"""

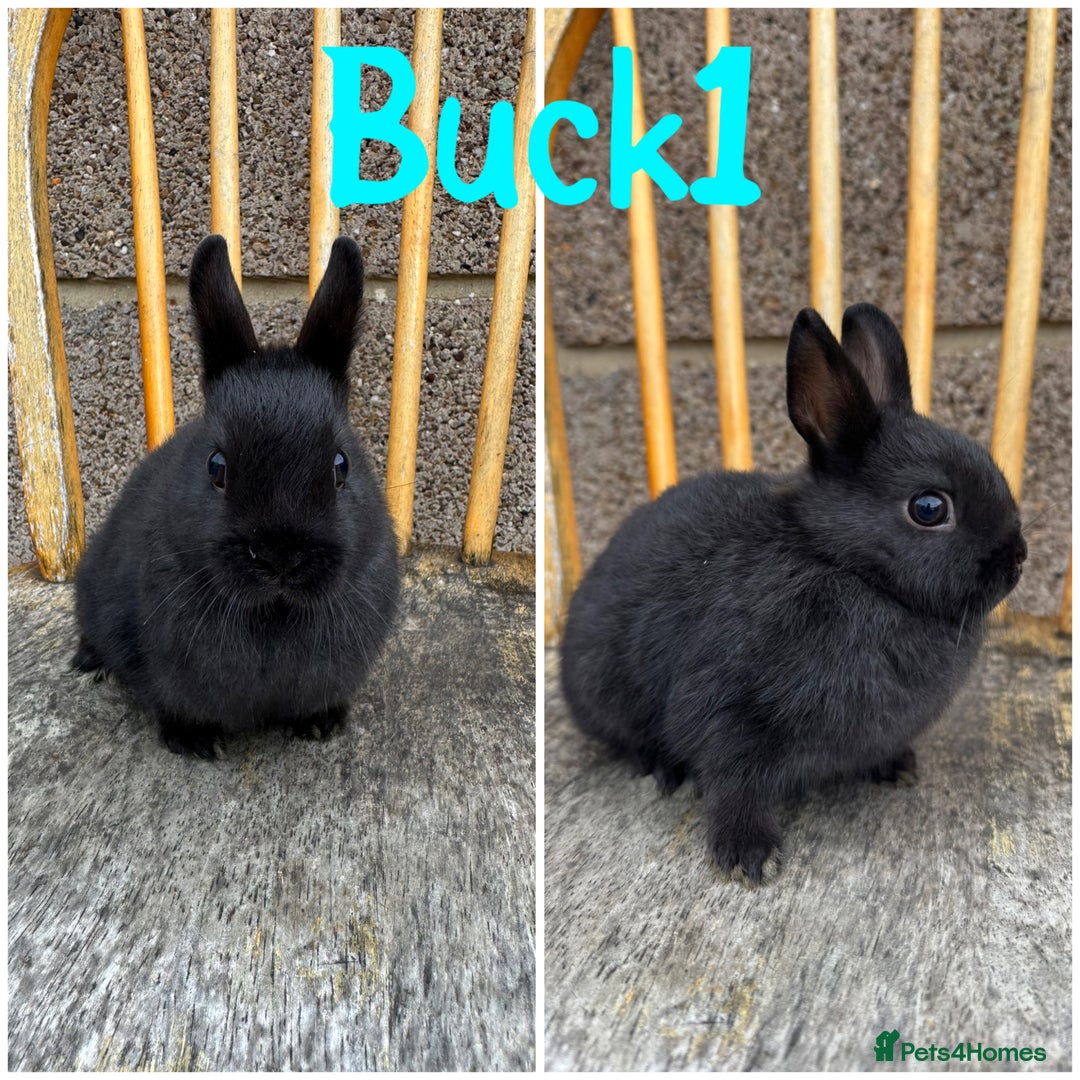 Netherland Dwarf rabbits for sale: Pure breed Netherlands Dwarf  - Image 5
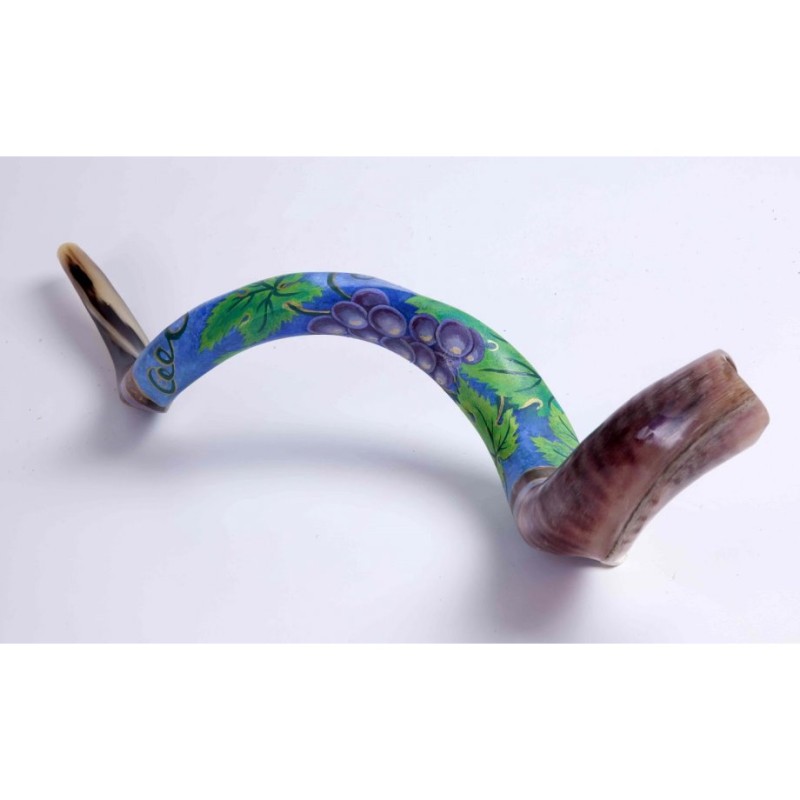 Hand Painted Yemenite Shofar Grape Cluster | Decorated Shofars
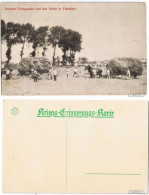 Ansichtskarte  Unsere Feldgrauen Bei Der Ernte In Flandern - WK I 1916 - Guerre 1914-18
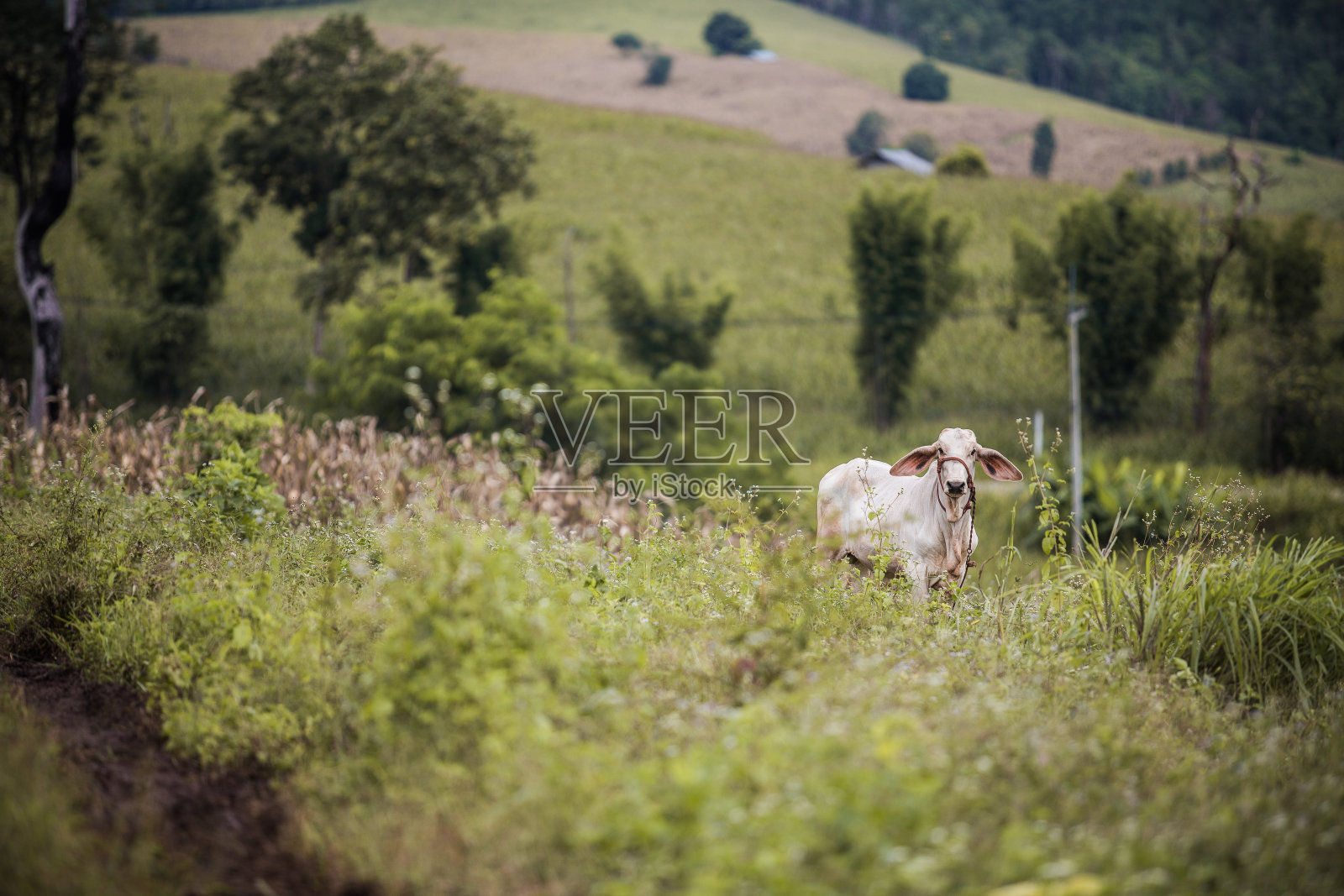 泰国的牛照片摄影图片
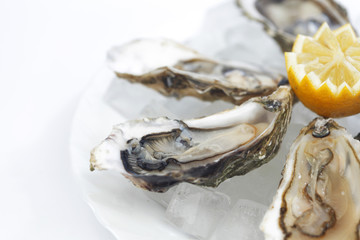 Oysters with lemon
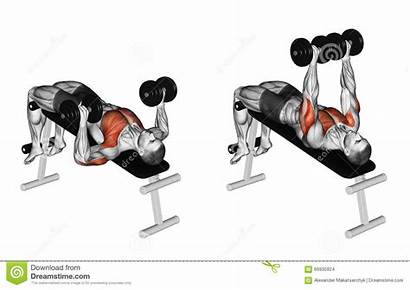 Press Bench Decline Dumbbell Muscles Target Steps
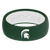 michigan state view 1 PNG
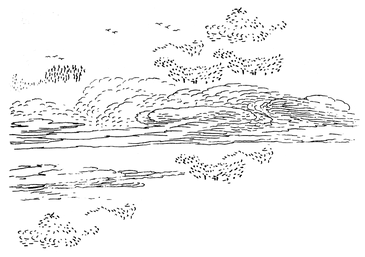 black and white gestural line drawings, reminiscent of the sky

"""

Reproduce the data exactly, please, and omit its pictures.

_ANSWER SECTION_
 Netherland Dwarf rabbits for sale: Pure breed Netherlands Dwarf  - Image 5
 Hand Painted Yemenite Shofar Grape Cluster | Decorated Shofars
 Ansichtskarte  Unsere Feldgrauen Bei Der Ernte In Flandern - WK I 1916 - Guerre 1914-18
 泰国的牛照片摄影图片
 Oysters with lemon
 Press Bench Decline Dumbbell Muscles Target Steps
 michigan state view 1 PNG
 black and white gestural line drawings, reminiscent of the sky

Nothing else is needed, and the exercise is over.